SEMARANG, iNewsSemarang.id – Sejarah pertempuran lima hari di Semarang mengisahkan perjuangan heroik para pemuda mengusir pendudukan tentara Jeparang. Hari ini, 14 Oktober menjadi momen bersejarah mengenang perjuangan rakyat Semarang dalam mempertahankan Kemerdekaan RI.
Momentum 79 tahun yang lalu, tepatnya pada 14 Oktober 1945, rakyat Semarang dari berbagai latar belakang bersatu bulat melakukan perlawanan sengit terhadap tentara Jepang yang menduduki Kota Semarang.
Ketika itu, Minggu (14/10/1945) sekitar pukul 09.00 WIB para pemuda dipimpin Mr Wongsonegoro yang saat itu menjabat Gubernur Jawa Tengah (Jateng) mendatangi markas Kido Butai di Jatingaleh bersama ratusan pemuda untuk meminta penyerahan senjata Jepang.
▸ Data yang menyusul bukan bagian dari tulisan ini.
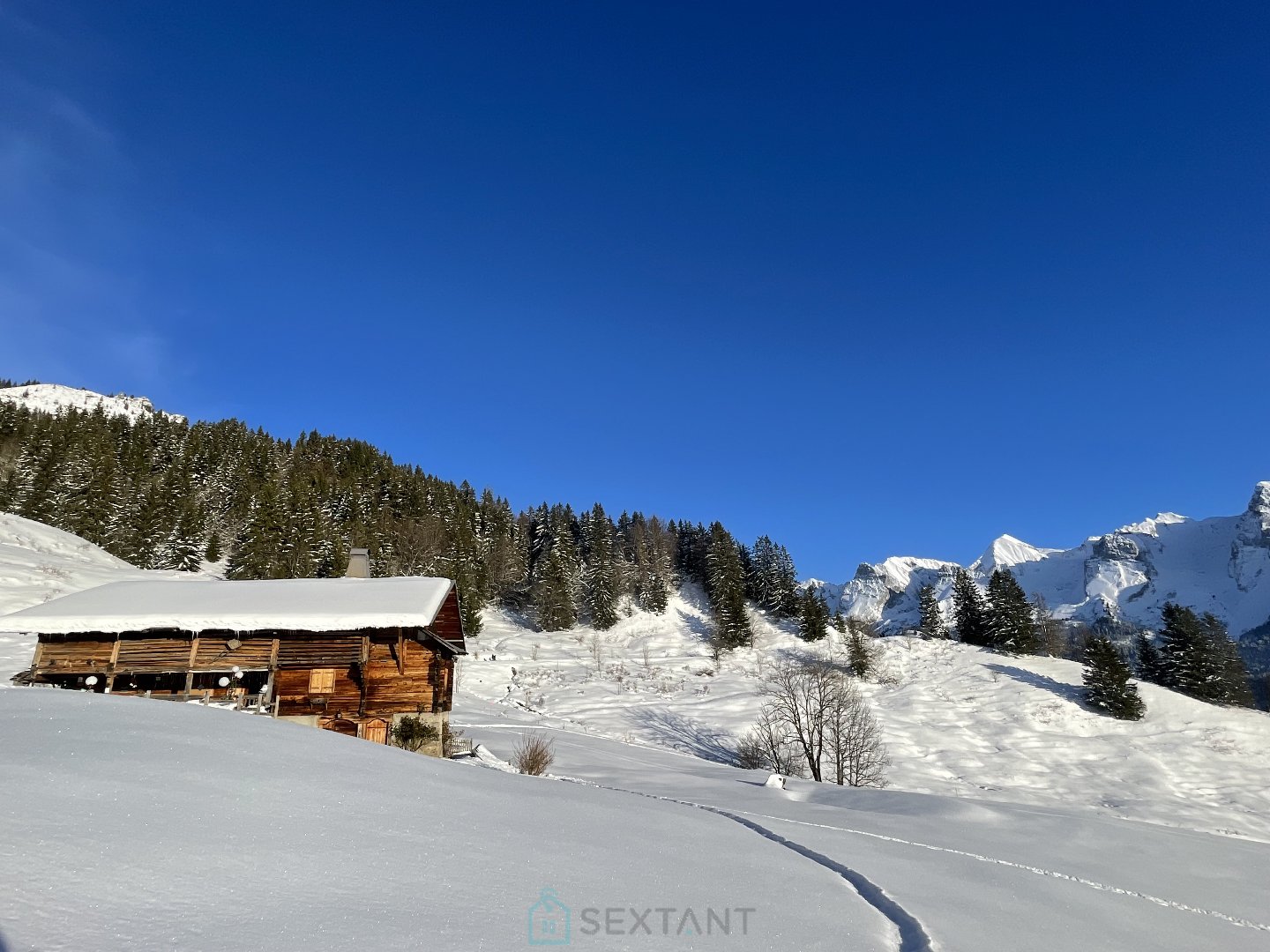 Magnifique chalet de 1796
Mereka menganggap, sejak Jepang kalah dari sekutu akibat pengeboman Hiroshima dan Nagasaki, maka kekuasaan Jepang atas Indonesia runtuh. Para pemuda pun menagih janji Jepang sebagai saudara tertua dengan menyerahkan persenjataan yang dimiliki sebagai bekal perjuangannya mempertahankan Kemerdekaan 17 Agustus 1945.
Namun Jepang yang ada di luar Semarang dengan Jepang Kido Butai yang bermarkas di Jatingaleh berbeda. Pasukan Kido Butai pimpinan Mayor Kido tak mau menyerahkan senjata. Alasannya karena pasukan Kido merupakan bala tentara yang memiliki kualifikasi khusus atau semacam pasukan tempur komando. Jadi tabu menyerahkan senjata begitu saja tanpa peperangan.
Para pemuda pun marah dan Mayor Kido mengambil siasat untuk menenangkan pemuda dan agar tak jadi pertikaian. Akhirnya senjata-senjata yang rusak diserahkan pada pemuda. Mereka kegirangan tanpa menyadari kalau senjata yang diserahkan dalam kondisi rusak.
Setelah mereka pulang ke markas pengendali yang merupakan Markas Angkatan Muda di Jalan Pemuda 88/89 Semarang dan membongkarnya, mereka sadar bahwa senjata yang diserahkan memang rusak semua.